扉絵。英語で言うとfrontispiece。本の扉部分を飾る絵のことです。コミック雑誌などの場合は、各作品の冒頭に付されるタイトルや作者名が入ったページのことを扉絵と呼びますね。それらは作品の内容を読者に印象づける、とても大切な役割を持っています。でも、扉絵が無い本もたくさんあります。子供の読む本も、学年が進むにつれて文字だけになっていき、扉絵のある本が少なくなります。


本をたくさん読みなさい。父も母もそう言いました。でも、マンガと違って、文章だけの本は、その世界に入り込むのに時間がかかります。子供はけっこうそれが苦手。特に挿絵がない本は、なかなか読む気が起きません。


「またマンガばかり読んで、少しは本も読みなさいよ」「だってぇ、絵がないとお話しに入っていけないんだもん」「なら自分で描けばいいじゃない」「あ…面白そう」。


ためしに、もう読んでお話しが頭に入っている本でやってみることにしました。画用紙を本と同じ大きさに切って、そこに色鉛筆で描いてみました。描けたら本に挟み込もうと思って、丁寧に時間を掛けて描きました。「出来た〜!」。本の表紙の次の所にそれを挟み込んで母に見せに行くと、立派な扉絵が出来たねと褒めてくれました。


「扉絵?」「そうよ、こういう所に入っている絵をそう呼ぶの。ちょっと待ってて。」
母が持ってきたのはエアメール用の便箋でした。薄い、透けるような紙です。
「本当はトレーシングペーパーっていう紙をかけるんだけどね。」
絵の裏に便箋の端を貼り付け、表側に折り返して絵の表面を覆って、サイズを合わせて綺麗に切ってくれました。
「ほらこれで豪華になったし、色鉛筆の粉で本が汚れることもないわよ。」
やったー!すごいー!私は大喜びで、すぐまた他の本の扉絵にも挑戦しはじめました。


そのうち描く本が無くなってしまったので、それまで持っていながらちゃんと読んでいなかった本も読みはじめました。すると不思議。どんな絵を描こうかなと思いながら読んでいると、文字だけの本なのに次々と物語の情景が頭の中に浮かんできます。私はどんどんお話しの中に引き込まれていきました。


一冊読んでは扉絵を描き、また一冊読んでは扉絵を描きを繰り返しているうちに、すっかり読書が好きになっていきました。読み終わってから描くこの扉絵は、いわば絵による読書感想文。本の余韻を楽しみながら絵を描く時間も、より物語の世界を深く理解させてくれる素敵な時間になりました。

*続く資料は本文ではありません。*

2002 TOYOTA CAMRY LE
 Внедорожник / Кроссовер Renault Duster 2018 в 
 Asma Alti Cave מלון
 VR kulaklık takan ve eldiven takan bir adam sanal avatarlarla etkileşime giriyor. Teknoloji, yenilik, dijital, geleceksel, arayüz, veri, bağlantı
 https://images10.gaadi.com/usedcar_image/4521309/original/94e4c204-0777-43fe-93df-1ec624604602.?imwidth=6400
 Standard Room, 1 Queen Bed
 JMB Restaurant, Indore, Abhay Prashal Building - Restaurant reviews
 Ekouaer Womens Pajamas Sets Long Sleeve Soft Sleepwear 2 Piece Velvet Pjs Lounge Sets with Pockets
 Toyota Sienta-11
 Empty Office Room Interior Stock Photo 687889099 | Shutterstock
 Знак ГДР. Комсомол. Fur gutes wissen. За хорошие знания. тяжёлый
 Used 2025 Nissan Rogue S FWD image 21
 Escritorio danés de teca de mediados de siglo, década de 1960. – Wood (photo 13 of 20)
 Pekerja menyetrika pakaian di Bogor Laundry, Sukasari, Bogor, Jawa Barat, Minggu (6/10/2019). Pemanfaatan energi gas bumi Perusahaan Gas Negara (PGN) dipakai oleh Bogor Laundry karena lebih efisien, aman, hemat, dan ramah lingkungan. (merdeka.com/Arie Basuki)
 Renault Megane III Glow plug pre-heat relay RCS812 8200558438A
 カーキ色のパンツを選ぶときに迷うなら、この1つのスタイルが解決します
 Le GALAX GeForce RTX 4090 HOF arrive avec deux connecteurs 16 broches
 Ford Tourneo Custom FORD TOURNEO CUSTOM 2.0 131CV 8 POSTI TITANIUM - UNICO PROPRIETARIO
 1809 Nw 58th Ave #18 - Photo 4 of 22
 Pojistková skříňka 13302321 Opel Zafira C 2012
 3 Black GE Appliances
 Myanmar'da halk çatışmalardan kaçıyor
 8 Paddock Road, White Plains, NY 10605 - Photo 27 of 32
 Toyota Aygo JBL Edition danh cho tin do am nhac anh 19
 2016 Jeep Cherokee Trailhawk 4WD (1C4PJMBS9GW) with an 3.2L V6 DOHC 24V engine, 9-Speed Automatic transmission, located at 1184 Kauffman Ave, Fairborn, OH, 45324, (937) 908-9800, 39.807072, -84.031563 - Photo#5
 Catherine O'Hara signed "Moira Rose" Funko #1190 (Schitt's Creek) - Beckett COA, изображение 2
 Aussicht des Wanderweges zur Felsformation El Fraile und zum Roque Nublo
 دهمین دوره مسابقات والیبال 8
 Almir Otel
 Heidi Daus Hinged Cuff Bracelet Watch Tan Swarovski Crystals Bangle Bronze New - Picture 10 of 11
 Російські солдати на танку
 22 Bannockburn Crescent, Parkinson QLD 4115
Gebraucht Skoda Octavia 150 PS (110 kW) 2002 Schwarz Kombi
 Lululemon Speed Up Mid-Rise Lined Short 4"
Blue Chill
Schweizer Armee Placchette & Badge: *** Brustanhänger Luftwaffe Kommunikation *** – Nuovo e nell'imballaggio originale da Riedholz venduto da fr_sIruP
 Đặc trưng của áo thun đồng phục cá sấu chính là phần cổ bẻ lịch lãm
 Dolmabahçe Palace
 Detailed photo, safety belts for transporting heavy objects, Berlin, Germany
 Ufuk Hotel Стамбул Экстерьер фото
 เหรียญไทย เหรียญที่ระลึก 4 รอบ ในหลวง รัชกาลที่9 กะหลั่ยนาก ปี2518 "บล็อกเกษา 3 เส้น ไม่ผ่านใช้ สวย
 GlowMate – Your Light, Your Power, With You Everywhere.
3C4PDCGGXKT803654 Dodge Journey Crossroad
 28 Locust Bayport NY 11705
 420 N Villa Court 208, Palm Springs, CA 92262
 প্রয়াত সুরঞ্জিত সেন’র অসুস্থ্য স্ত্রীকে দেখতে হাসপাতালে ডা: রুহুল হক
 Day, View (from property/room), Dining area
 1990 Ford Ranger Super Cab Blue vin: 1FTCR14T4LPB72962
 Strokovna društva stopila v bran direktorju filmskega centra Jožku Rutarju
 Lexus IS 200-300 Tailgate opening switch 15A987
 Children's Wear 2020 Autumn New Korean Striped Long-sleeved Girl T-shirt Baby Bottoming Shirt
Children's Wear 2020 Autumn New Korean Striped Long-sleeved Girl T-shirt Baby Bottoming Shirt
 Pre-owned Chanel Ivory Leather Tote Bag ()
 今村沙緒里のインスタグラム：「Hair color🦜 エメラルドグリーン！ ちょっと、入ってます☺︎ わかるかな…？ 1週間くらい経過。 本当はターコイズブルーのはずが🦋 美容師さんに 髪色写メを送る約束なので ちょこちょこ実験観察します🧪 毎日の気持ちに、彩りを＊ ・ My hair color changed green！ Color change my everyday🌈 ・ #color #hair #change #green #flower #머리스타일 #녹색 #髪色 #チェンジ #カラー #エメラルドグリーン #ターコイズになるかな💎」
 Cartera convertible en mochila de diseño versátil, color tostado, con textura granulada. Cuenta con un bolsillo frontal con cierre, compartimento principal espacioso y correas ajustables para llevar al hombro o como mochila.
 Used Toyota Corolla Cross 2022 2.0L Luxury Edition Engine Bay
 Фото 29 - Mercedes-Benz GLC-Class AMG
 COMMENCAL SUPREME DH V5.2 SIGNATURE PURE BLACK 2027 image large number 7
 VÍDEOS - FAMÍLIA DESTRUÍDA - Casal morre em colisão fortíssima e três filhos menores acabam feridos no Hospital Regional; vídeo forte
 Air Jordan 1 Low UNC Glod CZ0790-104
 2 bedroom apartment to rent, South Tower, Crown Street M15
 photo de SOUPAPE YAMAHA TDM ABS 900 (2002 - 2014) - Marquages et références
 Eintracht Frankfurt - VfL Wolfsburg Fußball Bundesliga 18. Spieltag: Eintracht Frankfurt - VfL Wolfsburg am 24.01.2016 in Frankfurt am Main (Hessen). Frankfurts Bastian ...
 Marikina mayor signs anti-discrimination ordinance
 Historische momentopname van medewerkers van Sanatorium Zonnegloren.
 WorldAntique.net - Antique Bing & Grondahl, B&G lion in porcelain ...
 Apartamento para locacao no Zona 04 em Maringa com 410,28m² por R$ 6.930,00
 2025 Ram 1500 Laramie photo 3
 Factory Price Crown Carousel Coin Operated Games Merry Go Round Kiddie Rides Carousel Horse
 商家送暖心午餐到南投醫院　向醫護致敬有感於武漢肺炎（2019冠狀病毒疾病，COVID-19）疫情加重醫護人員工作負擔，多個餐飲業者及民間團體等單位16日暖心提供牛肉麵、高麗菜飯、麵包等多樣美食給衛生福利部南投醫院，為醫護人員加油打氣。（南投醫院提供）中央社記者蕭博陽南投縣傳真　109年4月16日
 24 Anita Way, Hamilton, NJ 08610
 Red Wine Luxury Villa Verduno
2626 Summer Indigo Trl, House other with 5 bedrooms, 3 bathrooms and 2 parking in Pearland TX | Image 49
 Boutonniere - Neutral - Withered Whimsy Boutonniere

私はけっして絵が上手な子供ではありませんでした。でも楽しんで描ければそれでいいんです。読んだお話が好きであればあるほど、いい絵が描けます。その頃の本も、自分で描いた扉絵も、みんな大切にとっておいてあります。大人になった今、それはとても大切な宝物です。絵が上手でなかった子供でも、そう思える絵が描けるんです。それは、素晴らしいお話しの力を借りて描いたからだと思います。


読んだ物語の絵を描いてみる。それで本の扉を飾ってみる。皆さんのお宅でも、ぜひやってみてください。本の世界も絵の世界も、何倍にも膨らみます。